**What is required**
Could you transcribe every record below exactly, leaving out any pictures?

__________

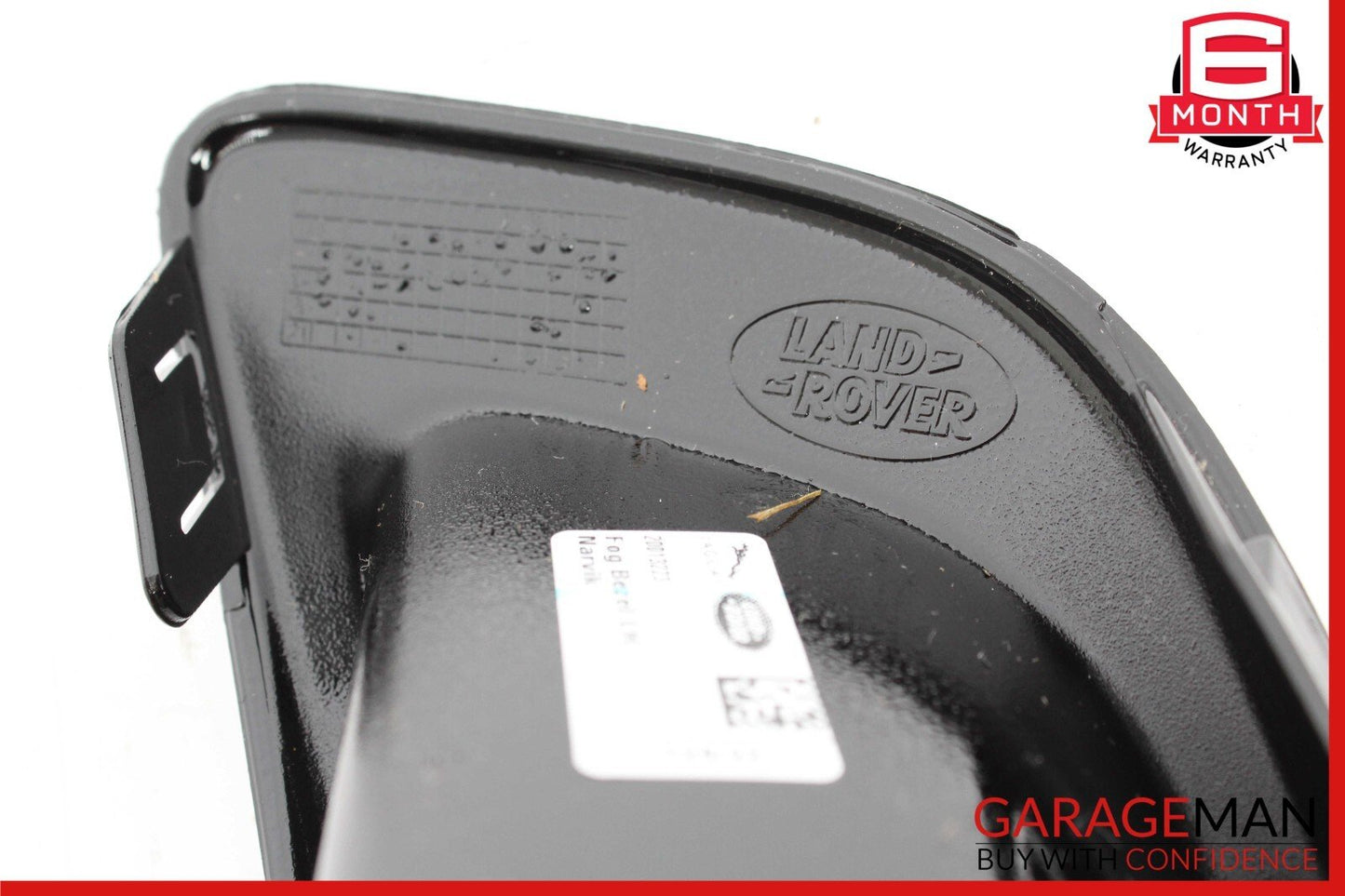 15-17 Land Rover Discovery Sport L550 Front Left Fog Bezel Trim OEM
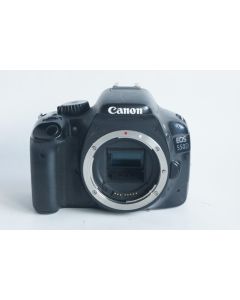 Appareil photo Canon reflex EOS 550D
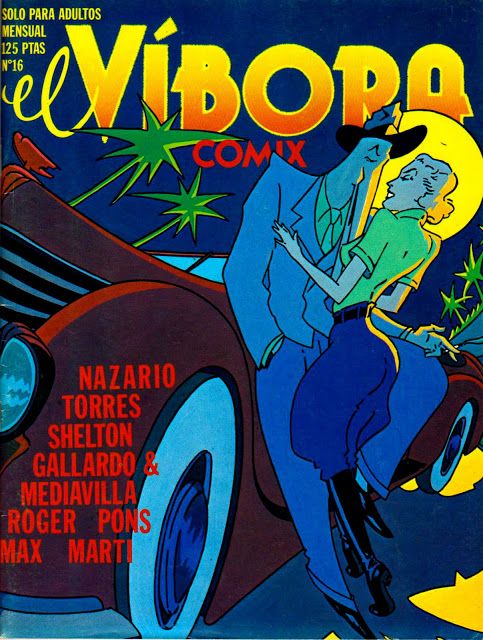 zero038 - El Vibora nº16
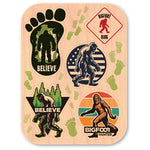 Mythological Mini Pack Color Maple Stickers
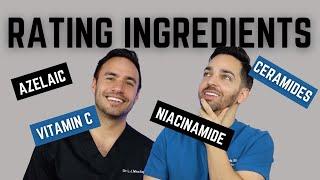 Overrated or Underrated: Skincare Ingredients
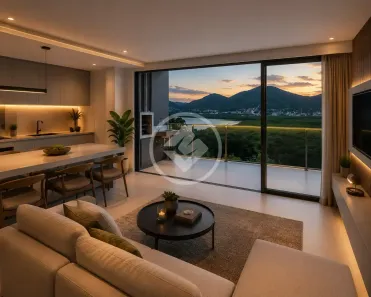 Apartamento com 3 Quartos à venda, 133m² no João Paulo, Florianópolis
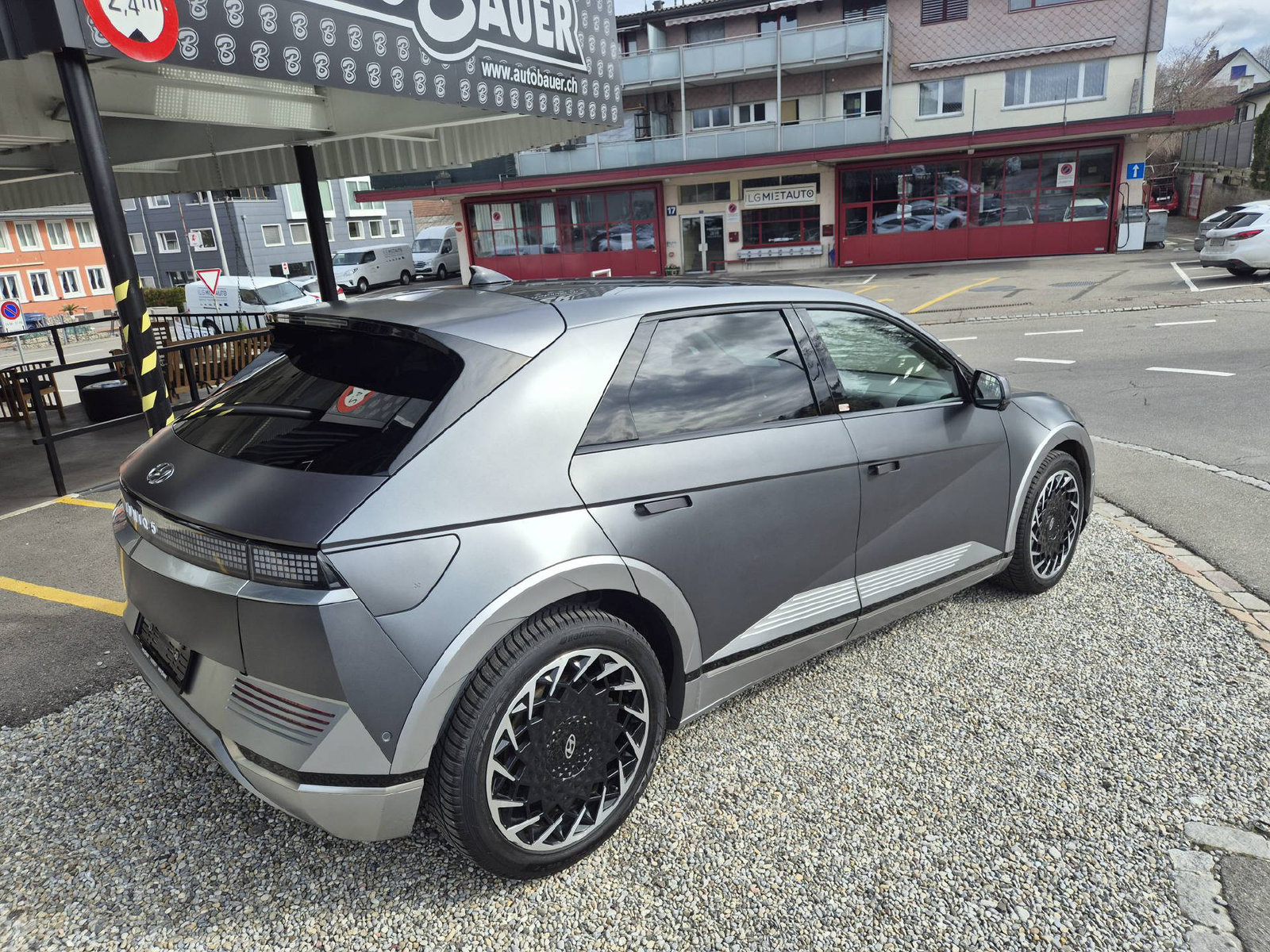 HYUNDAI Ioniq 5 First Edition 72,6 kWh, Elettrica, Occasioni / Usate, Automatico - 7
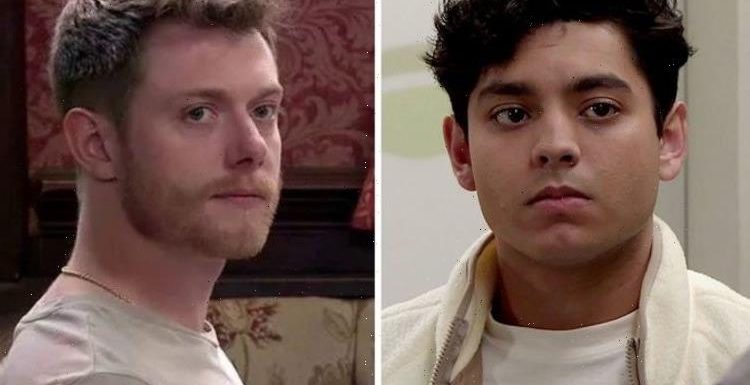 Coronation Street’s Daniel Osbourne loses everything as Aadi spreads devastating lie?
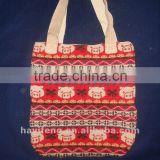 Fashion knitted bag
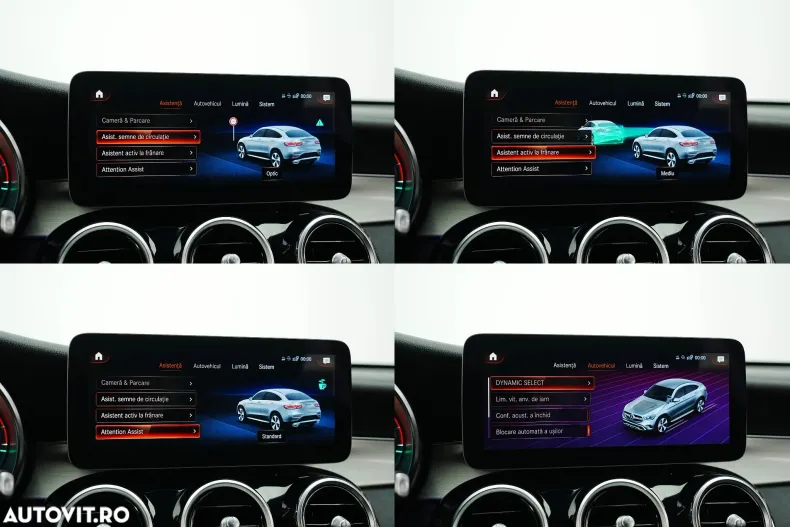 Mercedes-Benz GLC Coupe din 2020 cu 51.000 km - oferta MER135483 - foto 38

__________

**Exercise output**
 15-17 Land Rover Discovery Sport L550 Front Left Fog Bezel Trim OEM
 Appareil photo Canon reflex EOS 550D
 zero038 - El Vibora nº16
 Mythological Mini Pack Color Maple Stickers
 Overrated or Underrated: Skincare Ingredients
 Apartamento com 3 Quartos à venda, 133m² no João Paulo, Florianópolis
 HYUNDAI Ioniq 5 First Edition 72,6 kWh, Elettrica, Occasioni / Usate, Automatico - 7
 Coronation Street’s Daniel Osbourne loses everything as Aadi spreads devastating lie?
 Fashion knitted bag
 Mercedes-Benz GLC Coupe din 2020 cu 51.000 km - oferta MER135483 - foto 38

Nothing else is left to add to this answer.